Derive $\frac{1}{x}$

Question

I try to derive $\frac{1}{x}$.

I try to do it with the $x_0$ method.

I have $m=\frac {f(x_0)-f(x)}{x_0-x}$ I am using $\frac {1}{x} $ to replace $f(x_0)$ and $f(x)$.

Now we have $m=\frac {\frac {1}{x_0}-\frac {1}{x}}{x_0-x} $

However I want to derive so I need to shorten $x_0-x$ in the denominator. So I need to have anothe $x_0-x$ in the numerator.

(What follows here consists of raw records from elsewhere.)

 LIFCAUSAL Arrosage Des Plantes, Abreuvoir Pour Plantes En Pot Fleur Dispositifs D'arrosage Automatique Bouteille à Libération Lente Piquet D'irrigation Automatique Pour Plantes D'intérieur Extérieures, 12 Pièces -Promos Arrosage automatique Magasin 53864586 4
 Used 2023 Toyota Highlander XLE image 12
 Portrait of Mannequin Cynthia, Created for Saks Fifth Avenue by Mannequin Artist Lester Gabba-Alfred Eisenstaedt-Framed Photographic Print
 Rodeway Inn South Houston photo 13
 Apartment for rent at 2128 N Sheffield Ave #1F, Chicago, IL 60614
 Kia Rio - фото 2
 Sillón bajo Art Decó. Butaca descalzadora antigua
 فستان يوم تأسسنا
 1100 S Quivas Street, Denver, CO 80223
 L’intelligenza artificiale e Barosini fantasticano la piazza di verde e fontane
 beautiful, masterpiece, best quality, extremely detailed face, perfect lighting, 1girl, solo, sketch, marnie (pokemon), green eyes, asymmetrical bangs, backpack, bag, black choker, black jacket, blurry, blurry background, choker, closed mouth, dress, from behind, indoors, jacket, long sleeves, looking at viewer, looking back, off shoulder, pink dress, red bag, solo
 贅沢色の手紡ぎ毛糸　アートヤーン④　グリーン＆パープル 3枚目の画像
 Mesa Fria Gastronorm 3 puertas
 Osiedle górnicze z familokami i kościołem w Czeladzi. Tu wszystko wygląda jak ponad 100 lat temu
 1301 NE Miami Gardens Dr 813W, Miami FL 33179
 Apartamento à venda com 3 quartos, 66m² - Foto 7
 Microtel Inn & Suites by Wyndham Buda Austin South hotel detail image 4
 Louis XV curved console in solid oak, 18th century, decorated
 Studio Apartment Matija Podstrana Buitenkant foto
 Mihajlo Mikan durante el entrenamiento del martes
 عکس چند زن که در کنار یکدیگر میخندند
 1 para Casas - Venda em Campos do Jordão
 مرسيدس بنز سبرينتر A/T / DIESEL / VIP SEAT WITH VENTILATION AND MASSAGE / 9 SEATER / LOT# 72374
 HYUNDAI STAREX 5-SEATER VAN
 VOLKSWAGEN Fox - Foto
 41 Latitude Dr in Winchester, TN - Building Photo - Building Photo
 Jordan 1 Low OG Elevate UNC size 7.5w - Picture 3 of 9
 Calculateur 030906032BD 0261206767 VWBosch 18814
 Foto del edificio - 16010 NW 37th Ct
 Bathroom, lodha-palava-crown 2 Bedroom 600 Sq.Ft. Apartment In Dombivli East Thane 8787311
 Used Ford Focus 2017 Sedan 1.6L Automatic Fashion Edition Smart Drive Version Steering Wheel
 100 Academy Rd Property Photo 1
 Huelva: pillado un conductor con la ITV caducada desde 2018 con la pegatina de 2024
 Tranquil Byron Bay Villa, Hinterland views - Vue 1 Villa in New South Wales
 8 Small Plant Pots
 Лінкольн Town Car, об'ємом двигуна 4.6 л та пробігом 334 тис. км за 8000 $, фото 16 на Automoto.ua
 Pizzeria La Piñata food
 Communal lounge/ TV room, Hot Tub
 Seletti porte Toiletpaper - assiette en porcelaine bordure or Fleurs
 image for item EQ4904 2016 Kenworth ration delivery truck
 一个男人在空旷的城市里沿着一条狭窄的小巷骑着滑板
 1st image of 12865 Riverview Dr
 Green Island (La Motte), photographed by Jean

I basically need to do: $\left(\frac {1}{x_0}-\frac {1}{x}\right)÷(x_0-x)$

However here I get stuck. It would be nice if someone could help me to calculate this division.

Answer 1

$$\lim_{x \to x_0} \frac{\frac{1}{x}- \frac{1}{x_0}}{x - x_0} = \lim_{x \to x_0} \frac{\frac{x_0 - x}{xx_0}}{x-x_0} = -\lim_{x \to x_0} \frac{x-x_0}{xx_0(x-x_0)} = -\lim_{x \to x_0} \frac{1}{xx_0} = \frac{-1}{x_0^2}$$

Answer 2

Add the fractions:

$$\frac{1}{x_0}-\frac{1}{x} = \frac{x-x_0}{xx_0} = \frac{-(x_0-x)}{xx_0}.$$

Now you can easily cancel the factor you want.

Answer 3

Make a common denominator in the numerator,

$$\frac{\frac{x}{x_0x}-\frac{x_0}{x_0x}}{x_0-x}$$

Now simplify.

Answer 4

$$\frac{1}{x_0}-\frac{1}{x}=\frac{x-x_0}{xx_0}$$